I ask this cuz in my culture we eat the lamb very very veyr well cooked, maybe 1 hour or more till its soft, and the duck the same, we never eat those meats in colour pink or with a little of blood inside, Maybe the 0.05% of peruvians ( we are like 26 millions of people) who eats in France, Italy and often travel to Europe. How much time should i cut the meats? what happen with cow meat in the oven, the duck? the lamb?.
I can tell u something more, last semester we did cous cous, with lamb in barbecue, the belgic chef told us, just cook the lamb it 3 minutes and it was completely bloody, and we said what? will we cook it in that way? He said cuz the lamb is eaten bloody in all the world or it will be strong, i told him, excuse me chef but here in Perú our traditional dishes are cooked the lamb very well , till its very very soft, maybe about 1 hour or more, till its very soft, I remember he said its cuz in Perú u dont know how to eat. All the class felt insulted, so the chef had to say im sorry.
When we studied the techniques to cook vegetables, we studied the sweat of vegetables, "sudado" it means put the vegetables in oil till the vegtable is softer, it doesnt change of colour and the temperature is not so high, thats sweating a vegetable. I was confused, cuz in allllllll peruvian food u dont just sweat the onions , it needs to get a dark colour, sweat colour and i asked, why kind of technique would be that? the chef didnt answer me. This semester we study peruvian food and of course we sweat the onions till they get a soft brown colour, im not saying bunrned, what technique is it? "to fry" "sweat witha dark colour", i asked about that to the director he told me, peruvain fooood dont have techniques. BUt i wonder why should i accept techniques from France, i know its the only way to get an universal recipe. BUt we have techniques to cook since 3000 b.c and why all those techniques hava to be called like the french techniques? cuz in a tomatoe sauce at school we just sweat the onions and garlic, here the momies at home sweat it with colour . i always cooked it in thatsince i was 7 years old, now im 21.

I think im being very very bored maybe,but those are just questions i have. The school changed me the way to cook, now i use the olive oil, here we dont use it, not much people, and we dont cook with butter, with vegetable oil or margarine , never butter. I remember my first semester i felt i had to change all my way to cook peruvian food and now my mind is opened, i have many things to tell u about our customs to eat here. but it would be very long maybe in my next email cuz maybe u are sleeping now. Thanks for reading this, really thanks, i ppreciate if u just read this.

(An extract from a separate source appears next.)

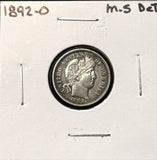 1892-O Barber Dime, Uncirculated Details. (28273)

See uu, hugs and kind regards

Gustavo
sp: could u tell me what book about techniques for cooking should i buy? a relative is sending the professional chef from cia cuz i cant get it here, some people in spain told me about the chef Pepin´s book, but i dont know what would teach me,or what would be the best thank u. :chef:


----------



## dcifan2k (Sep 25, 2001)

the only advice I can give to you is what I know. the way to braise is to first sear the meat in a pan and then put it into a pan and cover with liquid about 1/2-2/3 covered in liquid put foil on top and put it in the oven now as far as time goes it depends on the size of meat and the type your book should have a guid as to how many minute I would say the the group that had only put it in for a half an hour was probably the best because you want the meat to be a little pink on the inside and it is all about preference of rare, medium rare, medium, medium well or well done the temp for medium rare is i believe 135 and then give it 10 minutes to rest for carry over cooking. I hope this has helped

sincerely
Michael


----------



## gus20 (Jul 26, 2002)

Thanks so much for ur advice, thank u!!!!!!

thanks from Perú


----------